Europoseł Witold Tomczak odpowie za usunięcie meteorytu przygniatającego postać papieża w warszawskiej galerii "Zachęta". Komisja prawna Parlamentu Europejskiego jednogłośnie opowiedziała się za zniesieniem immunitetu posła w toczącej się przeciwko niemu sprawie sądowej o zniszczenie rzeźby Maurizio Cattelana w 2000 r. Politykowi grozi do pięciu lat więzienia.
Formalnie decyzja w tej sprawie zapadnie 8 lipca w Strasburgu, podczas planowanego na ten dzień głosowania Parlamentu Europejskiego.
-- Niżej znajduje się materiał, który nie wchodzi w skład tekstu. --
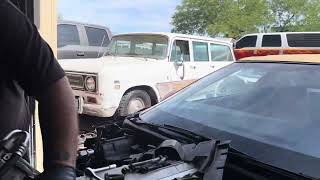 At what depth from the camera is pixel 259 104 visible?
300cm

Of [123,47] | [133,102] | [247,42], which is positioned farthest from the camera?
[247,42]

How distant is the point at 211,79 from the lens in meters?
3.64

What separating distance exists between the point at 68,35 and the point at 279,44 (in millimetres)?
10277

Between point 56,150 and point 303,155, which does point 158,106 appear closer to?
point 303,155

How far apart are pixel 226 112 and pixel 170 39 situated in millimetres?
5532

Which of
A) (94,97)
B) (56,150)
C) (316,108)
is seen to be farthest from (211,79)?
(94,97)

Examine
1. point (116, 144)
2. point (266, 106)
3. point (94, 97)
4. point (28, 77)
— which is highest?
point (28, 77)

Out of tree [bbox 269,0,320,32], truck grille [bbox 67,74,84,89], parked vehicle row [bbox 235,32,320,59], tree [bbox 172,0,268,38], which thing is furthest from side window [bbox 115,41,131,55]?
tree [bbox 269,0,320,32]

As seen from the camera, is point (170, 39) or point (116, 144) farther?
point (170, 39)

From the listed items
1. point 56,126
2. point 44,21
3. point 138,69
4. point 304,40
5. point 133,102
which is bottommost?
point 133,102

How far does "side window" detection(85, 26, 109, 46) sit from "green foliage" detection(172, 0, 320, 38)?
20.7 metres

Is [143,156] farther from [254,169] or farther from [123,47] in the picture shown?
[123,47]

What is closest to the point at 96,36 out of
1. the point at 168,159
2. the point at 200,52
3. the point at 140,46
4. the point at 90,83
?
the point at 140,46

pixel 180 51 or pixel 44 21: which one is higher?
pixel 44 21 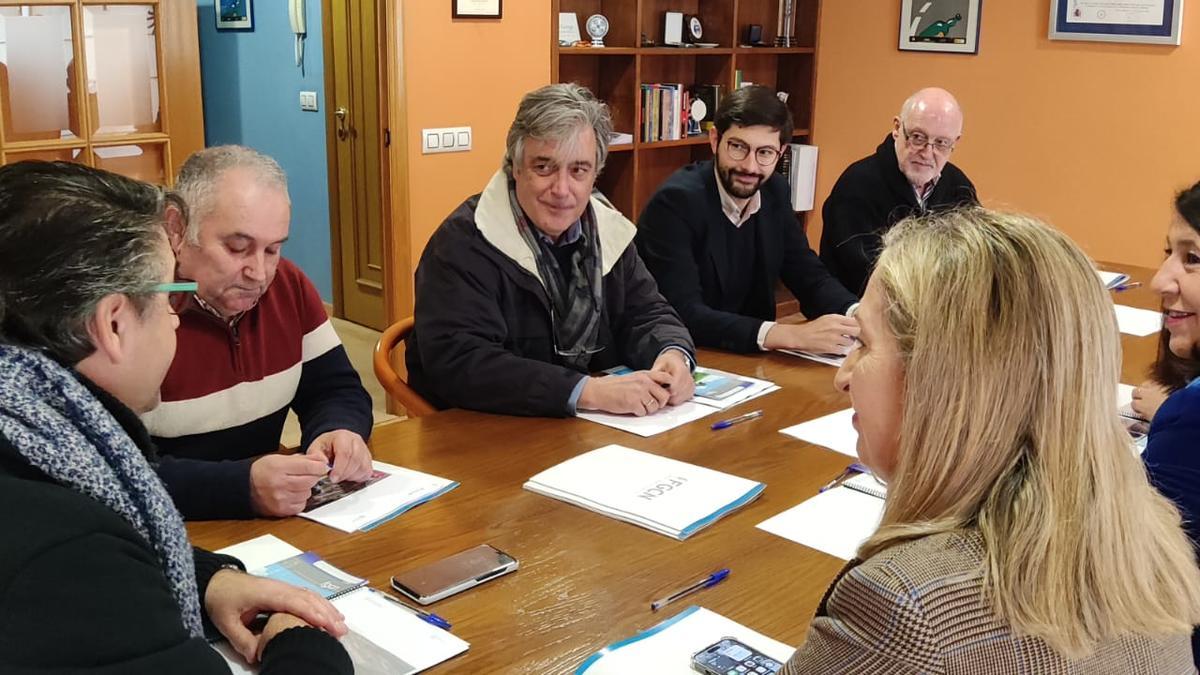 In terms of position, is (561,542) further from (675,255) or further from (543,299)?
(675,255)

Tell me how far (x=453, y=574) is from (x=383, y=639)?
174 millimetres

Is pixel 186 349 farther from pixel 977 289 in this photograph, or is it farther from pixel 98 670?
pixel 977 289

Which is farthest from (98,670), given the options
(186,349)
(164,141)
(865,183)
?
(164,141)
Oznacza to poważne kłopoty dla polskiego europarlamentarzysty. Tomczak będzie mógł teraz odpowiadać przed polskim sądem za zniszczenie rzeźby, sprzedanej ostatnio za 900 tys. dolarów. Grozi mu za to nawet 5 lat więzienia.
Papież stracił lewą nogę
Do zdarzenia z udziałem polityka doszło w 2000 roku podczas wystawy na stulecie istnienia "Zachęty". Tomczak zniszczył wówczas jedną z najcenniejszych prac - "La Nona Ora" ("Godzina dziewiąta"). Instalacja autorstwa Maurizio Cattelana przedstawiała przygniecionego meteorytem Jana Pawła II. Podczas usuwania kamienia od postaci papieża odpadła lewa noga.
Zniszczyłem w imię idei
Tomczak - wówczas poseł LPR - nie zaprzeczał, że usunął meteoryt przygniatający figurę papieża. Jak mówił, że zrobił to w imię idei. - Zniszczyłem to, ponieważ tego oczekiwali ode mnie wyborcy - tłumaczył.